Posts Tagged ‘iTunes’

voiTunes Released!

Friday, November 2nd, 2007

I’ve been working on voiTunes for a couple of months on and off and I’m finally done! I’m proud to say that it has impressed quite a few of my friends and I’m ready to release to the rest of the world (well, just the mac users). You can download it here. It will only work on Mac OS X, and possible Leopard (I have yet to test it on Leopard). If you have Windows, I’m sorry but you’ll have to wait until I port it (if I ever get around to it).

A few notes: I really enjoyed working on the widget, it turned out to be not too difficult but I wasn’t able to add all the functionality that I wanted mostly because I wanted to have something concretely released this week. I have almost working code that adds a couple more features but it’ll take me several more hours to integrate that nicely into the working widget. As a result, functionality is limited, but it still works and works decently well. Recognition isn’t that great, but that isn’t exactly my fault as I’m using a recognition engine for Carnegie Mellon.

Please post comments, criticisms (be harsh!), or any other feedback.

Voice Recognition Media Library

Thursday, September 20th, 2007

It’s time to finally let the cat out of the bag. I announced about a month ago that I was working on a really cool project and now I’m finally going to talk about it. From the title, it’s pretty obvious that the project involves voice recognition and media libraries. Well, here we go!

I worked at a company called Tellme this summer, and all of their technology revolves around voice recognition. Anyway, after working on voice applications for them, I thought it’d be really cool to extend iTunes to take voice commands. I talked to some of my fellow interns about third party voice recognition software that I could use, and got started.

First, let me talk about some of the software I’m using. My voice recognition tool is called sphinx. It’s an open source Java package provided by Carnegie Mellon that’s really easy to extend. Sphinx was a bit difficult to install, but once that’s done, they provide a lot of demos that you can just look at and add on to. I just took their “hello world” demo, and added a bunch of stuff to it to get my media library recognition to work. If you’re at all interested (and because you’re still reading, I take it that you are) I strongly recommend checking out their software, playing with it and extending it to build your own applications.
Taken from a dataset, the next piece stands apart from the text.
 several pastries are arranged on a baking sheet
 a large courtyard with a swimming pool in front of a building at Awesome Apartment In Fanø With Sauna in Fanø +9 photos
On the other side of the application, I’m using a perl module to control iTunes. The module just has functions that output some applescript, so unfortunately this project can only be installed on top of OS X right now, but it’s a really simple, easy to use interface to applescript and therefore iTunes. This is what I really love about perl; there are so many libraries for perl that you can do pretty much whatever you want, just with installing a couple of modules onto your computer. I’m also using perl for XML parsing and other file handling, while I’m using Java for the user interface and interaction to sphinx.

Ok, so what exactly does my prototype do? Essentially, I have a java program that starts up the sphinx recognizer, waits for the user to say something like “itunes play”, “itunes pause”, “itunes next”, or “itunes select”, and then it processes the command, and sends a command to iTunes. “Play”, “pause”, and “next” are self explanatory, but “select” is a little more intricate. When the users says “itunes select,” the program prompts you to say an artist name, and then a track name by that artist and then it searches your iTunes library and plays that specific track. That’s the program from a high level.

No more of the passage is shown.